Chroniques

par samuel moreau

John Jenkins
pièces avec viole

1 CD Astrée / Naïve (2004)
E 8895
John Jenkins | pièces avec viole

Très actif dans la vie artistique londonienne du XVIIe siècle, John Jenkins (1592-1678) est un compositeur, un virtuose et un pédagogue dont on mesure souvent mal l'importance. À l'instar de compatriotes plus réputés pour leurs innovations, tels William Lawes ou Matthew Locke, il fit cependant évoluer la polyphonie quasi vocale de son époque – héritage de William Byrd, de Thomas Tomkins – vers un chemin purement instrumental, influençant par là même le futur Henry Purcell.

Né à Maidstone dans le Kent, le mystère demeure sur la formation musicale de ce fils de menuisier ; outre qu'il n'a pas été recruté par une maîtrise de cathédrale, ses professeurs nous sont inconnus. Il est probable, comme cela se pratiquait à l'époque, qu'il ait été formé par le maître en résidence dans une famille noble des alentours. Il devint en tout cas un virtuose de la basse de viole et du luth, passant d'une famille de l'East Anglia à une autre, sans être officiellement rattachée à une seule.

Parmi les huit cents œuvres instrumentales qui sont attribuées à Jenkins, plus d'une centaine concernent les fantaisies pour viole. Si cet instrument eût d'autres défenseurs – Richard Deering, Thomas Lupo ou Christopher Gibbons –, peu d'entre eux possède la souplesse mélodique, le lyrisme et l'originalité de sa musique. On peut trouver sur cet enregistrement plusieurs de ces fantazia, principalement pour six interprètes. La troisième et la huitième démontrent l'aisance du compositeur avec les harmonies sonores et les changements subtils de texture, la cinquième fait une référence explicite au Lachrimae de John Dowland. In Nomine 1 dissimule également une citation, celle du cantus de la Messe Gloria Tibi Trinitas de John Taverner.

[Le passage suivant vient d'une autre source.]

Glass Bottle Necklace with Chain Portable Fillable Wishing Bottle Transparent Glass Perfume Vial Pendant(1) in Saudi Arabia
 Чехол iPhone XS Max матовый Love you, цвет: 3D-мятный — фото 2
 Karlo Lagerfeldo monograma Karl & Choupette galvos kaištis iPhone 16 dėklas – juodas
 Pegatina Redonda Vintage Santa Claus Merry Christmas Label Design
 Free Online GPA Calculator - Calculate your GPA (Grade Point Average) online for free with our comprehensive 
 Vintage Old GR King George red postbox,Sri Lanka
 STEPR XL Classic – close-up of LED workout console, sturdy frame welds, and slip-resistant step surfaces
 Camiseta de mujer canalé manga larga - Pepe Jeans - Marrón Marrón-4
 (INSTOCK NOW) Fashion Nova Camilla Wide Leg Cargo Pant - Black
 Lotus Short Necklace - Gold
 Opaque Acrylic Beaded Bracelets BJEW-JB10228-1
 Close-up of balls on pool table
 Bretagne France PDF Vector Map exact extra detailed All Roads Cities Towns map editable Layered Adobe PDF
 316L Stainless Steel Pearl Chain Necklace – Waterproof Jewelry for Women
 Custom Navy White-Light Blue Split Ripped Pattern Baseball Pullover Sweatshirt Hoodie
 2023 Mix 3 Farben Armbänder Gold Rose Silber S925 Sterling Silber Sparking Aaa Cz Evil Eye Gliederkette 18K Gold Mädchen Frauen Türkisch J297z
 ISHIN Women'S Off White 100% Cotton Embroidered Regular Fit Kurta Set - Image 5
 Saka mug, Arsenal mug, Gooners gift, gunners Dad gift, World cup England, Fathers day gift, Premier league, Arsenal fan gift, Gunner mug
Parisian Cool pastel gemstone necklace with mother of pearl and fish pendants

D'autres pièces – la série de divisions en la majeur pour deux basses de viole – reflètent sa maîtrise de la division, c'est-à-dire l'art de composer, d'improviser des variations à partir d'une basse continue donnée. Citons enfin des morceaux plus légers et dansants : la Galliard en ré majeur, ou la Suite 3 pour deux violons, 2 violons et continuo, caractéristiques de ce qu'on nommait sonate à l'anglaise. La maîtrise des membres de l'Ensemble Jérôme Hantaï permet de d'apprécier cette musique élégante et nostalgique, sérieuse sans être vraiment recueillie.